__EXCERPTED DATA__.
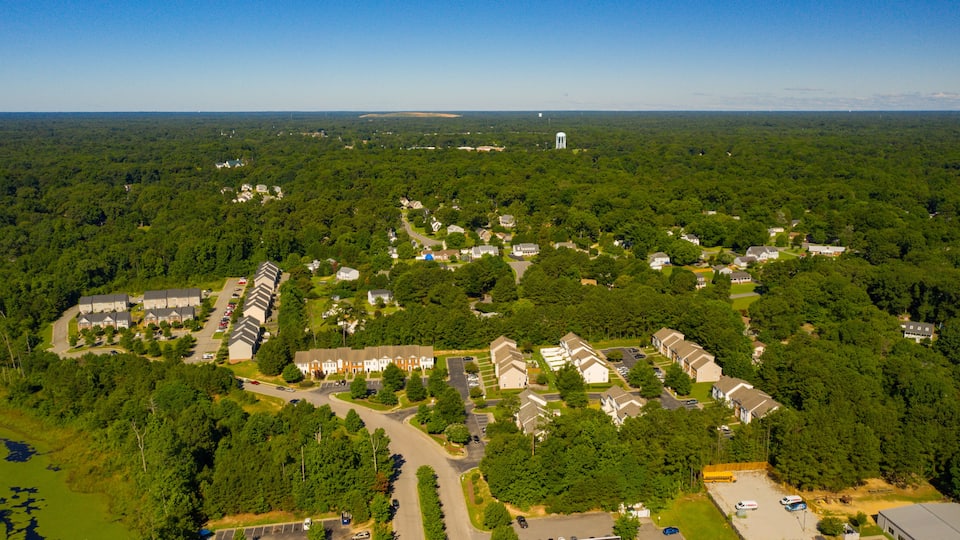 An aerial view of a residential area with houses, roads, and a water tower.
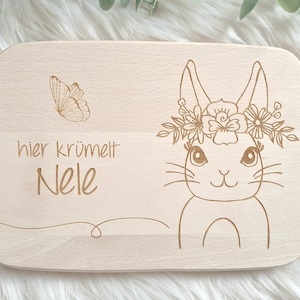 May include: A wooden cutting board with a bunny rabbit design and the text "hier krümelt  Nele". The bunny has a flower crown and a butterfly is in the top left corner.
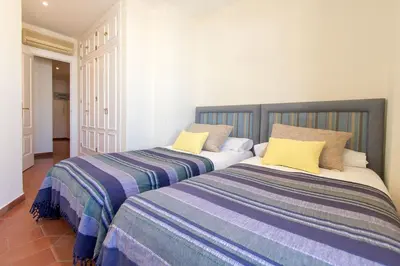 Cama o camas de una habitación en Flamencos Apartamento con garage 5 pax
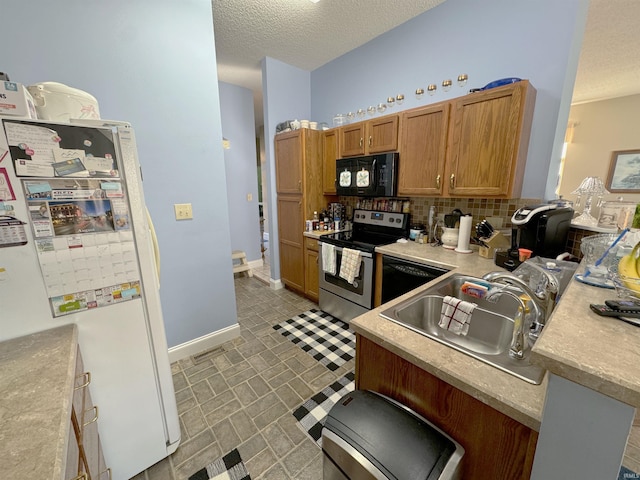 kitchen featuring a textured ceiling, a sink, light countertops, black appliances, and brown cabinetry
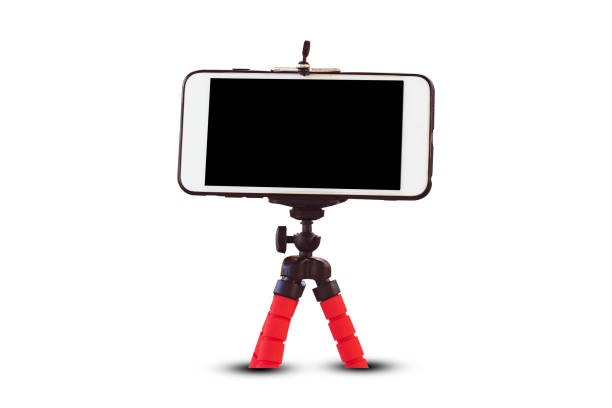 istock Cellphone on tripod  white background,Mobile smart phone  technology for live streaming blogger 1213406569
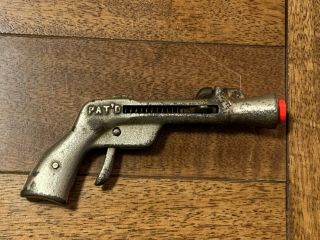 Grey Iron Bulls Eye Safety Cast Iron Cap Shooter - 1904 - Rarity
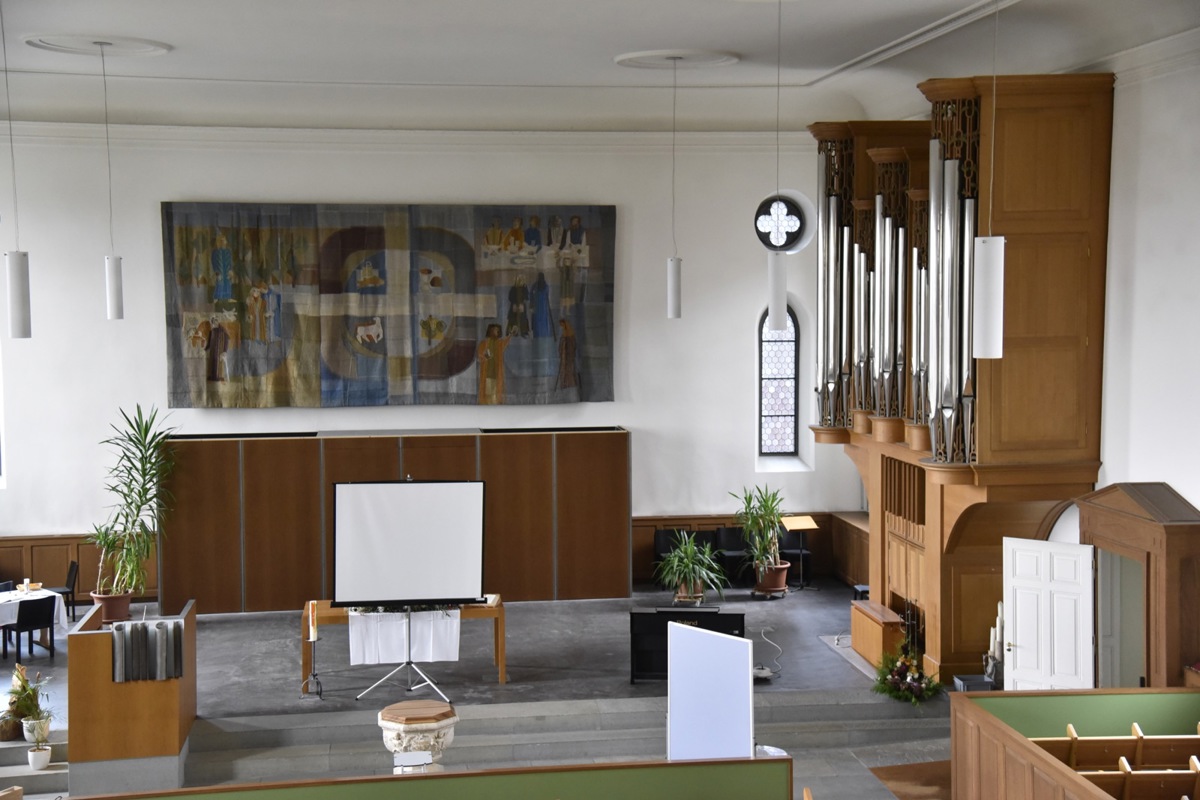 Der Chor der Kirche präsentiert sich heute mit Wandteppich und Orgel (rechts) hell und freundlich.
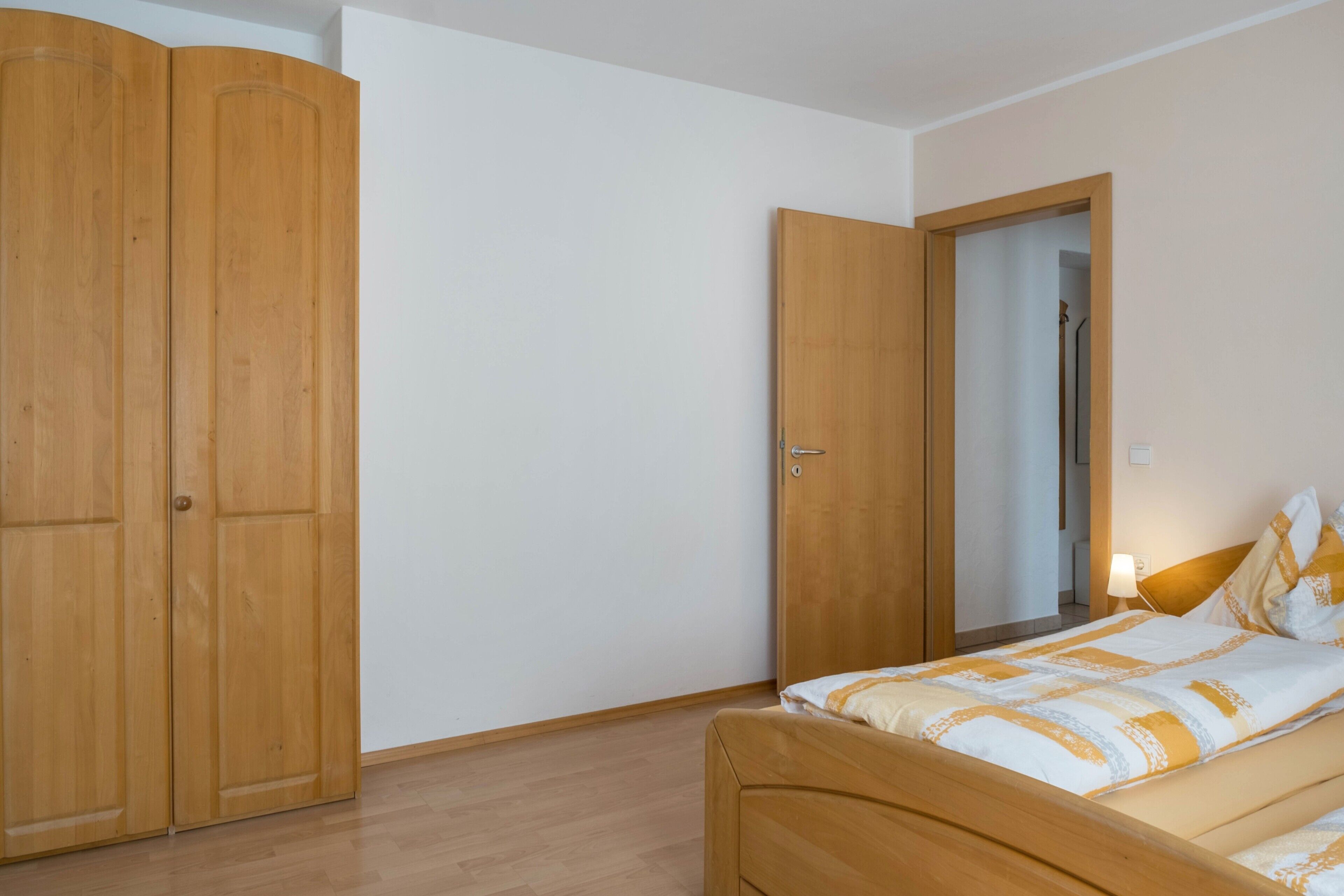 Ein Schlafzimmer mit einem Holzschrank, einem Bett mit gemustertem Überwurf und einer Tür zu einem weiteren Raum.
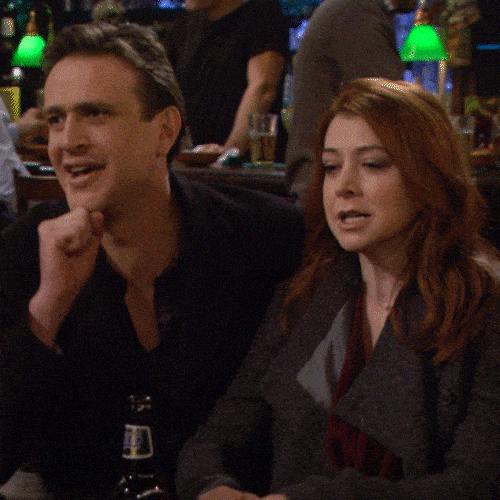 A man and a woman sitting together at a bar high-five each other.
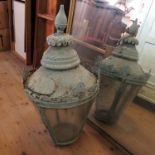 A metal and glass lantern, of circular tapering form, together with wall bracket,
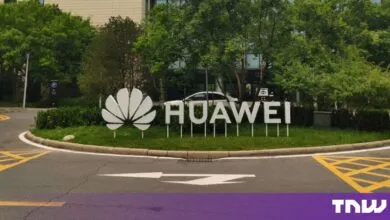 Large white Huawei logo sign installed on a grassy roundabout outside a modern research facility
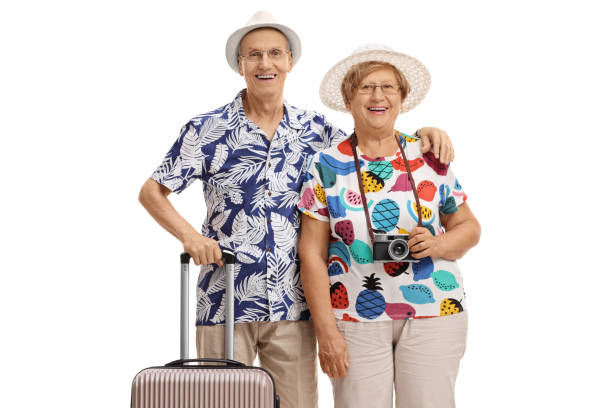 istock Old tourists with a suitcase 909575266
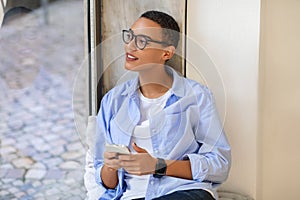 Pensive millennial latina lady in glasses, enjoy chat on mobile phone with smartwatch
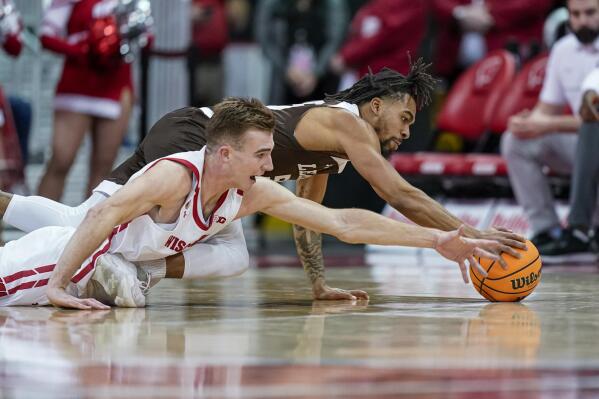 Wisconsin's Tyler Wahl (5) and Lehigh's Jalin Sinclair (55) dive after a loose ball during the first half of an NCAA college basketball game Thursday, Dec. 15, 2022, in Madison, Wis. (AP Photo/Andy Manis)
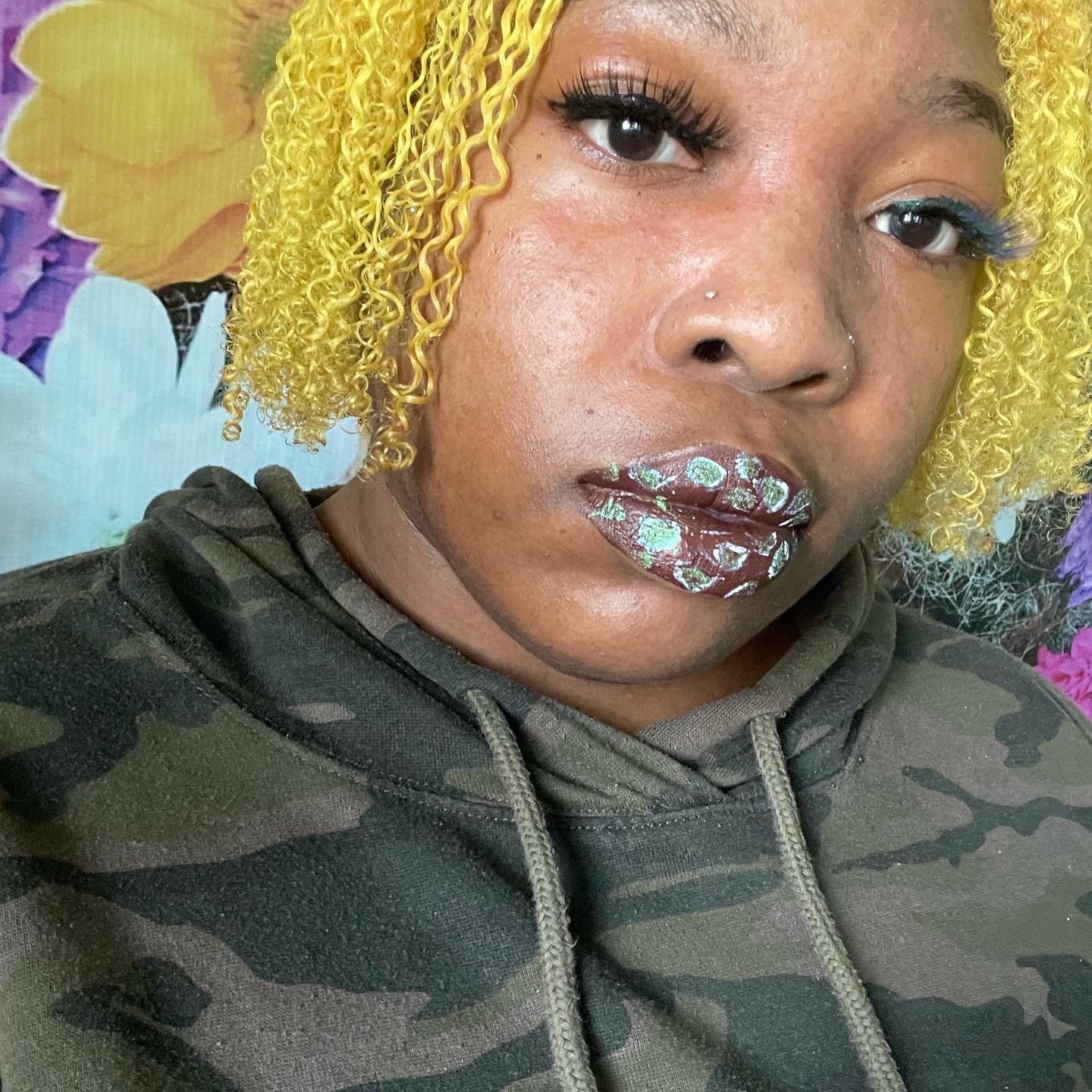 Woman with short yellow curls wearing soft blue satin lipstick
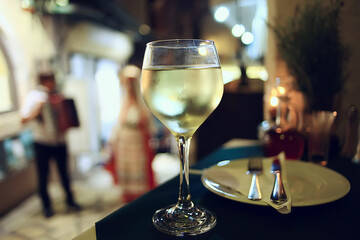 Wall Mural - evening in a restaurant, blurred abstract background, bokeh, alcohol concept, wine glasses in a bar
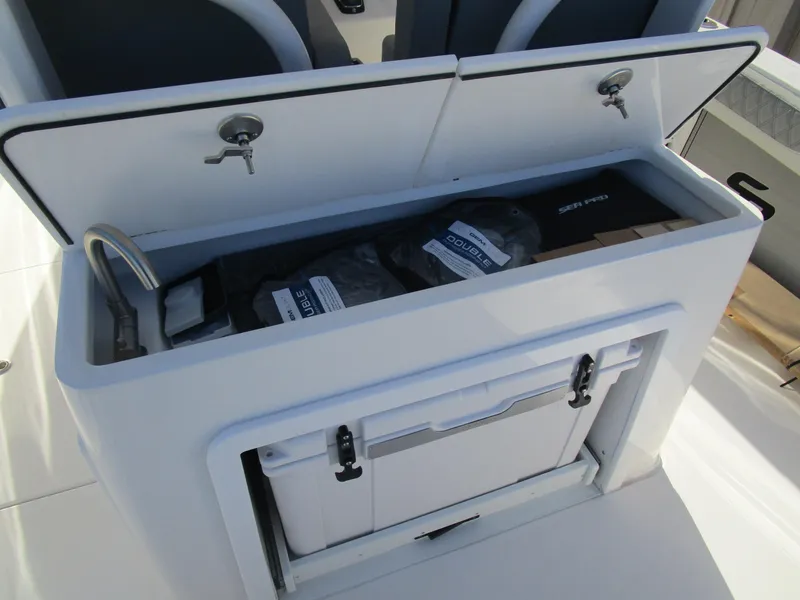 Slide: The Image of 2024 Sea Pro 322 Offshore storage compartment with cooler and gear. - 15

__YOUR OBJECTIVE__.
Your reply should give again exactly the lines from the one with "Wall Mural - evening" through the last line of the data, with both ends included and pictures left out.

__COMPLETED EXERCISE__.
 Wall Mural - evening in a restaurant, blurred abstract background, bokeh, alcohol concept, wine glasses in a bar
 Slide: The Image of 2024 Sea Pro 322 Offshore storage compartment with cooler and gear. - 15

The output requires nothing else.